Sim2Real for Environmental Neural Processes

Jonas Scholz,Tom R. Andersson,Anna Vaughan,James Requeima,Richard E. Turner
2023-10-31
Abstract:Machine learning (ML)-based weather models have recently undergone rapid improvements. These models are typically trained on gridded reanalysis data from numerical data assimilation systems. However, reanalysis data comes with limitations, such as assumptions about physical laws and low spatiotemporal resolution. The gap between reanalysis and reality has sparked growing interest in training ML models directly on observations such as weather stations. Modelling scattered and sparse environmental observations requires scalable and flexible ML architectures, one of which is the convolutional conditional neural process (ConvCNP). ConvCNPs can learn to condition on both gridded and off-the-grid context data to make uncertainty-aware predictions at target locations. However, the sparsity of real observations presents a challenge for data-hungry deep learning models like the ConvCNP. One potential solution is 'Sim2Real': pre-training on reanalysis and fine-tuning on observational data. We analyse Sim2Real with a ConvCNP trained to interpolate surface air temperature over Germany, using varying numbers of weather stations for fine-tuning.
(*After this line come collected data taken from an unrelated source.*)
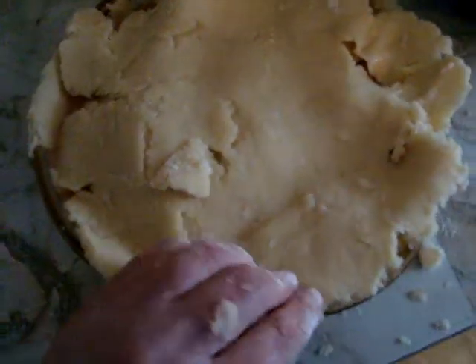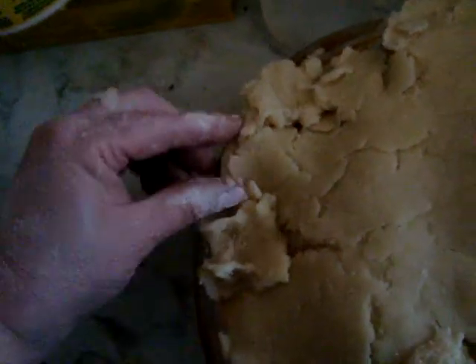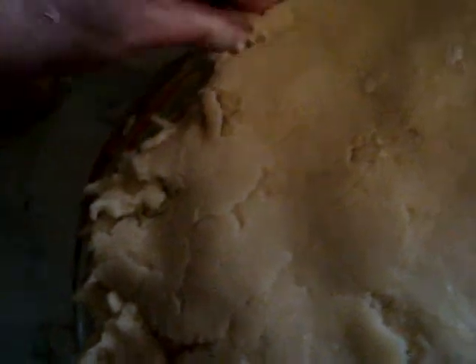You can see it's very basic. I'll cut off the extra, put it where there's not too much. Now here we finish the ends — I'll hold it, do it one hand, pinch the edges together, crimp, crimp, crimp.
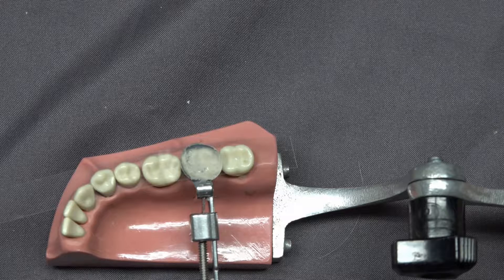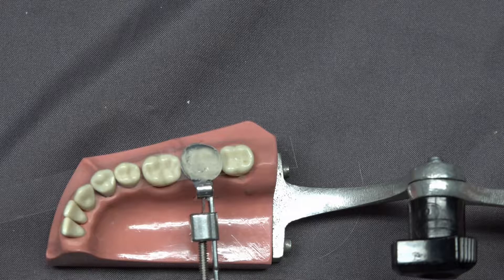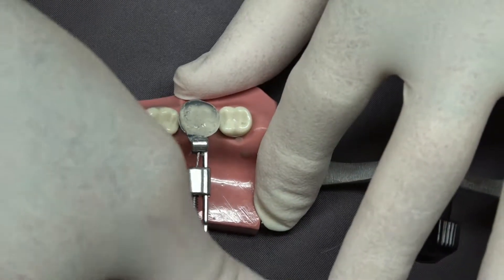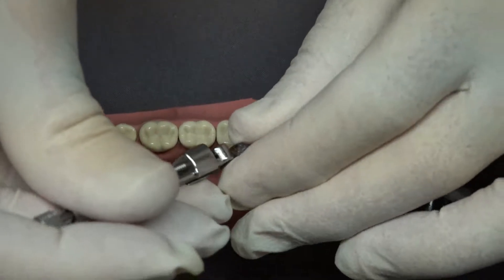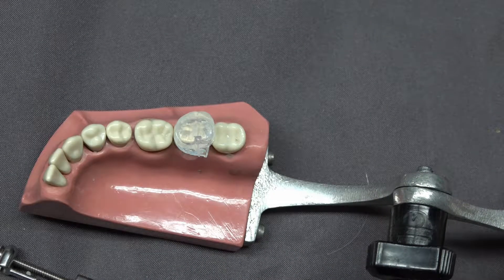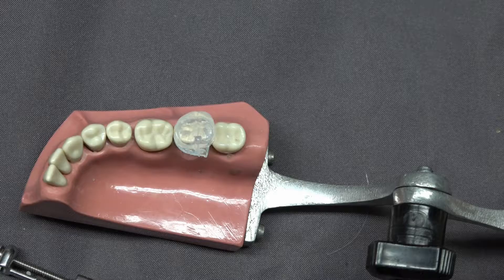It takes about 45 seconds for this to set in the mouth; outside of the mouth it's going to take a little bit longer. The Mylar strip comes right off, and the matrix band comes right off. Right here is a clear custom matrix that we will use later on, allowing us to mold the composite to the exact shape of the occlusal anatomy and shine light through it, curing in the original anatomy without any composite finishing or polishing.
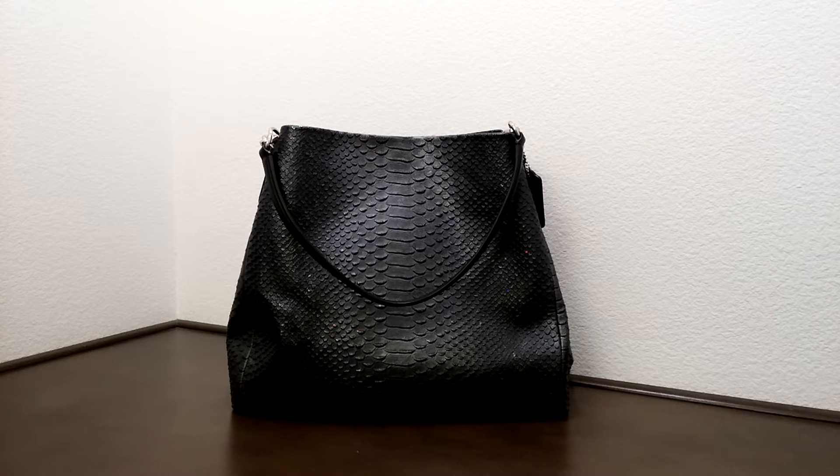Hi there. I'd like to introduce you to another Coach bag today. This is the Phoebe shoulder bag in a metallic snake embossed leather.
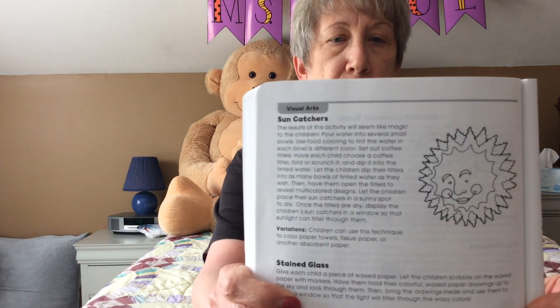Sounds pretty fun. And here's a picture just to give you an idea of what it would look like.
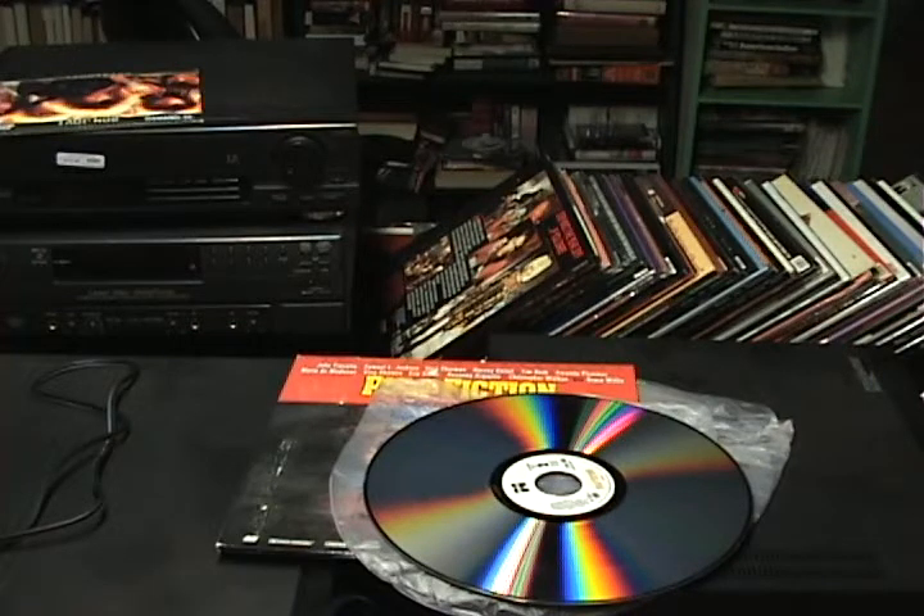There are three types of laser discs based on rotation speed, which can improve quality — much like how VHS tapes have SP, SLP, and EP modes. There's CAV — Constant Angular Velocity — which has a runtime of 30 minutes per side, and CLV — Constant Linear Velocity — which gives 60 minutes and offers features like slow motion and pause.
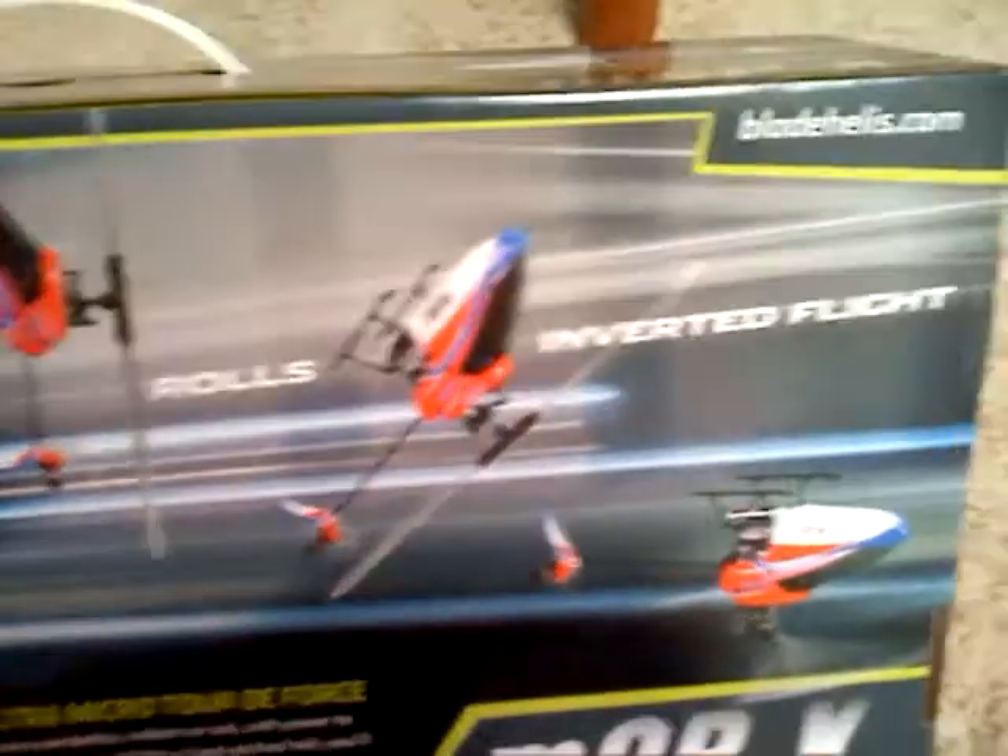Let's see. It shows the Fly Barless system, the servos, and what's in the box. And then on the back it shows what it can do — it can do hurricanes, loops, funnels, rolls, inverted flight. We'll test that out in a little bit.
On held-out weather stations, Sim2Real training substantially outperforms the same model architecture trained only with reanalysis data or only with station data, showing that reanalysis data can serve as a stepping stone for learning from real observations. Sim2Real could thus enable more accurate models for weather prediction and climate monitoring.
Machine Learning,Atmospheric and Oceanic Physics
What problem does this paper attempt to address?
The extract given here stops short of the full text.